Unspoken needs go unmet
There’s much ado about Hypergamy & Hypogamy within the dating and relationship realm because it falls directly on the natural biological lower rung of Maslow’s Hierarchy of Needs, with physiological needs associated with basic life sustainment and sex being the primal essence. If we are to truly rise above this, towards the highest rung of Self-Actualization, we have to make room for intimacy & vulnerability, thereby developing deep relationship equity. When we attempt to safeguard our relationship by not being vulnerable with our partner about our true needs and desires we are putting up barriers that separate us from our partner and our ultimate fulfillment. We cannot be honest where we fear to offend or risk loss… human connection, to be meaningful, commands trust and respect. When we hide, from our partner, from ourselves, we are doing neither. We are not being intimate when we do not trust or respect our partner with our true needs and desires. We are not being intimate or respectful with ourselves when we do not trust and respect ourselves to convey our needs and desires with our partner. The ability to drop our masks of pretense, to lower our shields to our own vulnerability and to invite our partners in to know and understand our true self adds a vital dimension and depth to our relationship that is central to our fulfillment as individuals and partners.
“Don’t own so much clutter that you will be relieved to see your house catch fire.” Negativity is so much clutter that hasn’t found a proper place and as it builds we become ever more receptive to the idea of just letting it all burn.
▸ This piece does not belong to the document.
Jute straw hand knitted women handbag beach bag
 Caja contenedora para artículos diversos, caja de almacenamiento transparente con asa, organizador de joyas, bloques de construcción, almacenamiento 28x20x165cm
It is one thing to vent, to feel, experience and then let go of emotions passing through us, but it’s another when we embrace them, when we take ownership of them, when we don’t find a place to lay them. Negativity, shit that doesn’t matter, seemingly benign behaviors that build to toxic behaviors that threaten our relationships are things we need to first limit within ourselves and then promote and support appropriate behaviors within our partner. Often this will mean recognizing and managing our own morale and ego depletion, as we cycle through life’s events, but we should always keep a mindful eye that we don’t have to be smiling to be grateful and to let negativity pass us by.
Never leave in doubt what you value, appreciate and desire within a relationship and a partner… seek out and display your partners virtues and promote those. Leave no misunderstanding what it is that they bring to you and the relationship that you are willing to commit to. Respect competence. Honor it. Protect it from debasement. We receive more of what reward, let that be virtue. Make room for it. Promote it. Acknowledge it. Reward it. Ultimately I believe that what makes people the happiest is the recognition and realization of their own virtue. Our relationships should be incubators for that virtuous expression and realization.